How to Interact with Operating System using Python and Jupyter Notebook
This article was published as a part of the Data Science Blogathon
Python is one of the most popular and frequently used languages of recent times, being used for various tasks such as data science, data analytics, web development, machine learning, and automating many tasks. In these processes, many tasks are operating system-dependent. I use Jupyter Notebook to use Python.
While working on a lot of projects, especially when I tried to automate one task or another, I felt such an urge, that only if I can talk to the Operating System directly from my Jupyter Notebook, instead of clicking on the mouse or tapping at my touch-pad frantically whenever I needed to create a new directory/folder, or deleting one. Or even for the simplest of the tasks, to know “Where am I”?
Oh. Don’t you worry, I am not going on a philosophical rant, all I wanted to know is which directory I am working on right now.

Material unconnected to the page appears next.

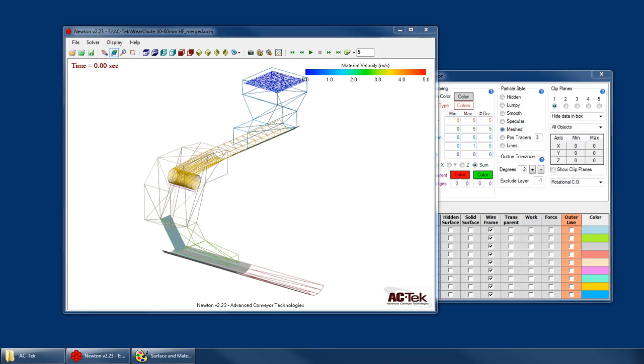Welcome to the Newton tutorial series. I'm Mike Kruse with AC Tech and in this tutorial I'm going to show you how to export your results to a DXF file.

Also, How to change that directory, without going out of Jupyter.
Accessing the Operating System or in other words, the flexibility to talk to my computer directly, from inside my Jupyter notebook gives me immense freedom to automate my tasks fully.
Without much ado, lets us see what is this magical tool, and why am I so excited about it.
Import Miscellaneous operating system interfaces
import os import platform
Small brief about what each one of these Modules does, and where to install them from?
The good news first: You need not install any of these Modules. They come pre-installed with python. So you just open your Jupyter notebook, and
import them the way as shown above, and you are good to go.
OS is a short form for Operating systems.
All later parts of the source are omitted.